▶ _Exercise description_: Please copy the leading lines of the entries below exactly, concluding with the line in which "SOLUSTRE 3 Piezas" occurs.

[Data for the task]

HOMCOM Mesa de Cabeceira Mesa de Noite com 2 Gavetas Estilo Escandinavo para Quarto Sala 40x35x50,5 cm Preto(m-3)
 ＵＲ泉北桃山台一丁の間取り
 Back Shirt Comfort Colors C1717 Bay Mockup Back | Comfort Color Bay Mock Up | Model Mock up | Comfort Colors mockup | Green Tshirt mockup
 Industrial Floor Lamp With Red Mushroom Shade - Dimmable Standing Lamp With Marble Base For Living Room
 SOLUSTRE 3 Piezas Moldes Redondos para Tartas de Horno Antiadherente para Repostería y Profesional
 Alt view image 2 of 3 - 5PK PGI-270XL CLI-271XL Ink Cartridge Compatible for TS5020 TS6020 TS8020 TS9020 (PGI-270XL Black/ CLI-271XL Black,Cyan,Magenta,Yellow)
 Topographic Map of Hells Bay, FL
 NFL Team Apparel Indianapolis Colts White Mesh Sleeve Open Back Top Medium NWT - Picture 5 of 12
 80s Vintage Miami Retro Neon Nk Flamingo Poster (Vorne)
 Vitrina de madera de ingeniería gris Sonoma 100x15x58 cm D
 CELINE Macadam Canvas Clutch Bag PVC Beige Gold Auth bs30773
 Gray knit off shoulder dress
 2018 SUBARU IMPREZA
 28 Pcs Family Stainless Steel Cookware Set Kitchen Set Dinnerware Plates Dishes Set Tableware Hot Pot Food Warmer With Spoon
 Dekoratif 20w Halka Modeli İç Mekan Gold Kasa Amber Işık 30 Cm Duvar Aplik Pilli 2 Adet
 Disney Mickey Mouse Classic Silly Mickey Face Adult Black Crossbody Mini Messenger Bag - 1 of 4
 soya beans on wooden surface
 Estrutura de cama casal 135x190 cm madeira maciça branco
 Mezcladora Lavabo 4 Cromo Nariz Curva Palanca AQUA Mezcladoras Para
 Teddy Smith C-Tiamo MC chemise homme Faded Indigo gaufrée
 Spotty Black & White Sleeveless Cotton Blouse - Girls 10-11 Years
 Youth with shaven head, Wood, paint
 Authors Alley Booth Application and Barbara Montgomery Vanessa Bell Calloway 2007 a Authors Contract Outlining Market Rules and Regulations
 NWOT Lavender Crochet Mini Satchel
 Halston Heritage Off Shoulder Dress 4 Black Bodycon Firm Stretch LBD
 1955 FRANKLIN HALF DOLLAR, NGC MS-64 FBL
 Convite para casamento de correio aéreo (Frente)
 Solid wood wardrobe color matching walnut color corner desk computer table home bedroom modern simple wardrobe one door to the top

[/Data for the task]

▶ _Reply to the exercise_:
HOMCOM Mesa de Cabeceira Mesa de Noite com 2 Gavetas Estilo Escandinavo para Quarto Sala 40x35x50,5 cm Preto(m-3)
 ＵＲ泉北桃山台一丁の間取り
 Back Shirt Comfort Colors C1717 Bay Mockup Back | Comfort Color Bay Mock Up | Model Mock up | Comfort Colors mockup | Green Tshirt mockup
 Industrial Floor Lamp With Red Mushroom Shade - Dimmable Standing Lamp With Marble Base For Living Room
 SOLUSTRE 3 Piezas Moldes Redondos para Tartas de Horno Antiadherente para Repostería y Profesional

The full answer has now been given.